The geographic breadth restriction should be reasonable and reflective of the organization’s current primary service area. This restriction is intended to protect the organization’s investment in building its current market share while allowing the departing employee to continue earning a living, although it may be from several miles away. Geographic restrictions that are too broad, such as ones that attempt to cover areas that are much greater than the employer’s current market area, may be considered overreaching and difficult to enforce.

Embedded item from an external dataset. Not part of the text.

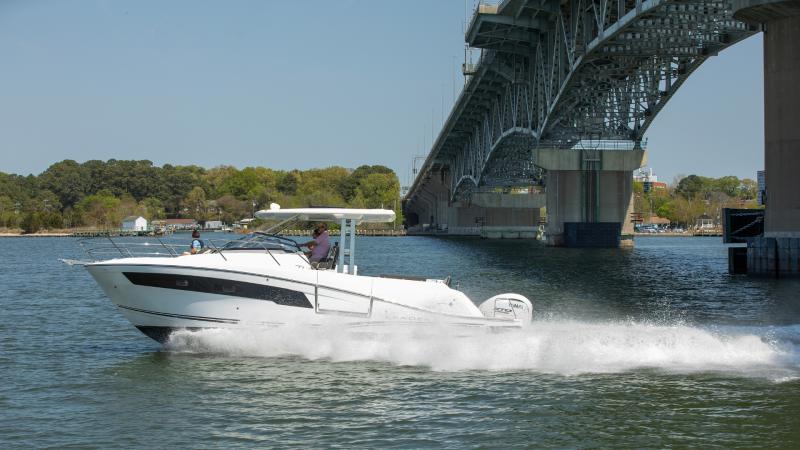 Leader 10.5 WA │ Leader WA of 11m │ Boat Moteurs Jeanneau 32310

The term of the restriction should also be reasonable and reflective of the time that it should take for the employer to recover from the services of the departing employee. For example, the recovery period could be defined as the length of time needed to fully transition a departing physician’s patient load to a new equally qualified physician, including the time necessary to recruit and relocate the new employee. Again, this time period should be reasonable and not overly broad. There are numerous court cases where restrictive covenants have been deemed unenforceable because either the geographic breadth or term was determined to be punitive to the employee rather than protective of the employer. Some states, such as Louisiana, South Dakota and Texas, have statutes that specify the breadth or term of a covenant in order for it to be enforceable. As a general rule, if the term of the restrictive covenant is longer than two years, enforceability may be an issue.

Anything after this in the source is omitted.